Output the records exactly, and drop each picture.

(Provided data)

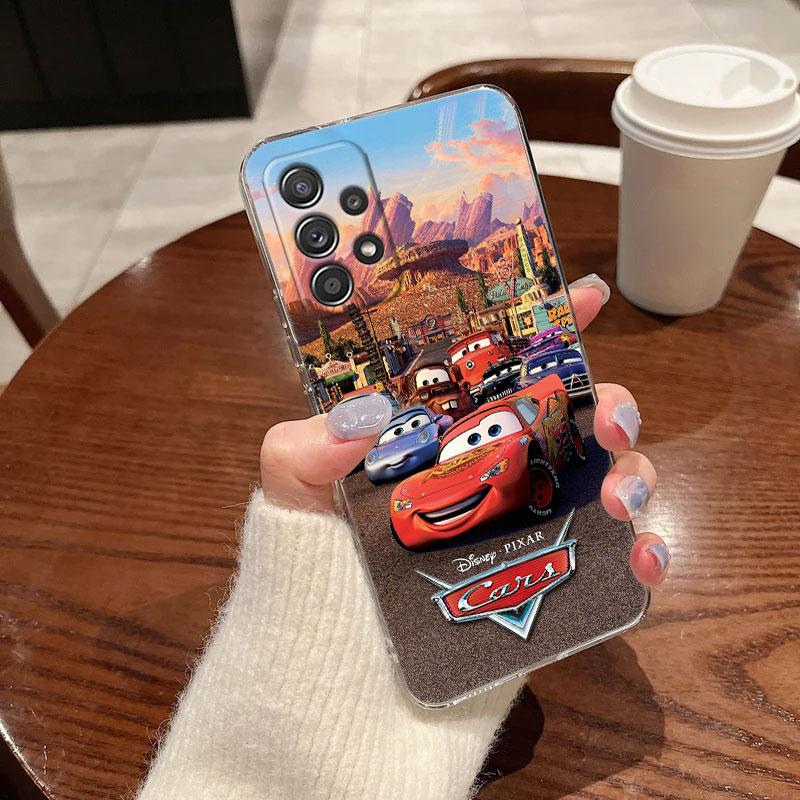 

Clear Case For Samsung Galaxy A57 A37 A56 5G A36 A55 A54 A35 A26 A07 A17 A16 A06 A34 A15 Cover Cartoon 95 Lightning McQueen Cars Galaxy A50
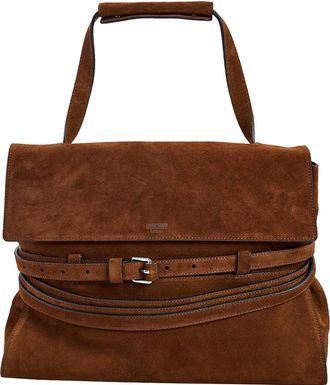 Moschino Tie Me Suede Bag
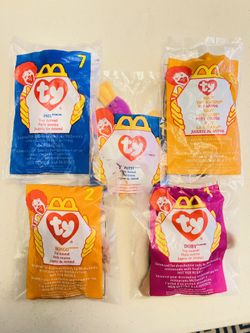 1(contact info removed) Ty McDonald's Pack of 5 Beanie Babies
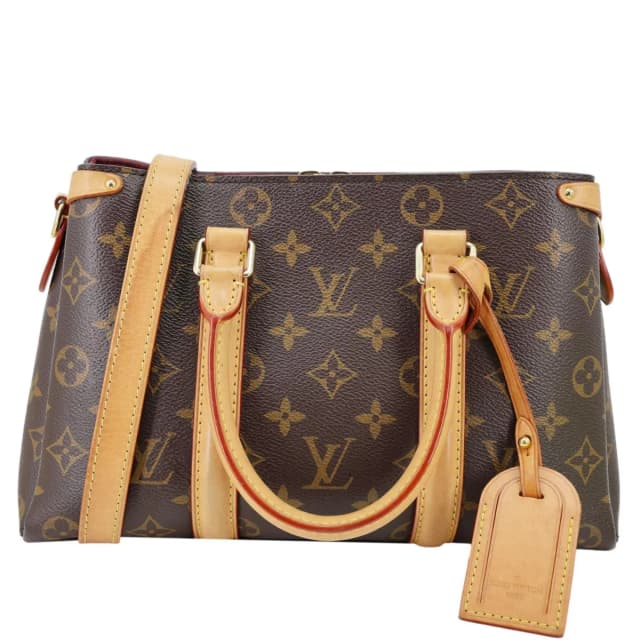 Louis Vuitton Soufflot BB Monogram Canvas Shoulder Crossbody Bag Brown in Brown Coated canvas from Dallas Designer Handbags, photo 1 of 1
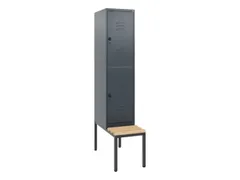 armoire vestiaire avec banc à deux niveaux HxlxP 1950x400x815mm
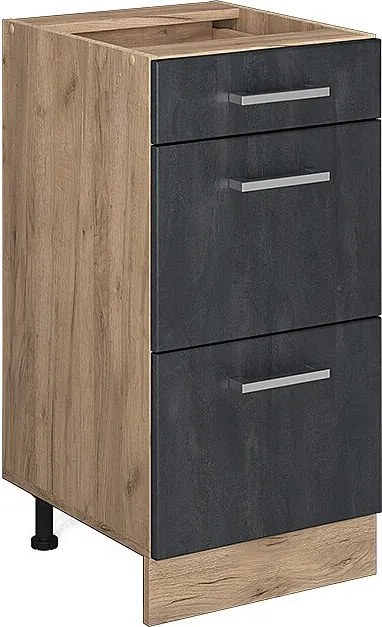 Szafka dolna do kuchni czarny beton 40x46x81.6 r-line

(End Provided data)

→ Result for this exercise:
Clear Case For Samsung Galaxy A57 A37 A56 5G A36 A55 A54 A35 A26 A07 A17 A16 A06 A34 A15 Cover Cartoon 95 Lightning McQueen Cars Galaxy A50
 Moschino Tie Me Suede Bag
 1(contact info removed) Ty McDonald's Pack of 5 Beanie Babies
 Louis Vuitton Soufflot BB Monogram Canvas Shoulder Crossbody Bag Brown in Brown Coated canvas from Dallas Designer Handbags, photo 1 of 1
 armoire vestiaire avec banc à deux niveaux HxlxP 1950x400x815mm
 Szafka dolna do kuchni czarny beton 40x46x81.6 r-line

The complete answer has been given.